One of the biggest fallacies in the Merge/Purge business is that
names and addresses can be divided into "definite duplicates"
and "definite non-duplicates." The following two
names and addresses, for example, are not duplicates:
These two names and addresses actually represent two different people:
my father and myself, at the address of the house I grew up in.
Even though I was named after my father, mail frequently arrived
at our home without a suffix; that is, with "Junior" and
"the Third" deleted. This often caused confusion.
The point is, short of telephoning every individual who is to be
mailed, there is no way to be 100 percent correct when it comes
to defining duplicates. Modern Merge/Purge software, therefore,
works off percentages.

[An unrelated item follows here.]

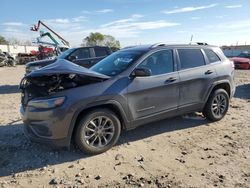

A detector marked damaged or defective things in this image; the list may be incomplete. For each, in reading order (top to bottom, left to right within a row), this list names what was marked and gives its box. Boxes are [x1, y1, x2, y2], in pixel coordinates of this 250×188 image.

damaged front end [19, 59, 109, 106]
crumpled hood [26, 58, 110, 79]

Instead of "definite duplicates"
and "definite non-duplicates," direct response advertisers
are presented with a spectrum of statistical probability:
- Each circumstance — every different business, every different
mailing — requires its own definition of a duplicate.
The direct response advertiser, with the assistance of his/her service
bureau, must carefully choose from a range of duplicate rules.
- Each rule is a filter that catches names and addresses with a
specific statistical probability of being duplicates. At one
extreme, there will be a rule that catches only exact name and
address matches. This increases the likelihood that duplicates
will be mailed. At the other extreme, there will be rules that
allow significant discrepancies in both the name and the address,
resulting in a smaller number of names to mail.
In other words, modern Merge/Purge technology allows you to dial
into the spectrum of statistical probability that is appropriate
for your specific circumstances. Mailers must know their
needs, and must work carefully with their service bureau's
technical people to understand the implications of certain
decision rules for that particular mailing.
Levels Of Unduplication
Having arrived at an appropriate definition of a duplicate, the
next key issue is the "level" of unduplication for the
mailing (i.e., Company, Location, Family or Individual Name).
The level of unduplication, in turn, will depend on whether the
mailing is to be directed to consumer names, business names, or
Consumer names are found at household locations and business names
at business locations (as identified by a company name). Generally,
each type requires a different level of unduplication.
For consumer names, modern Merge/Purge software allows three different
levels of unduplication: Location, Family and Individual Name.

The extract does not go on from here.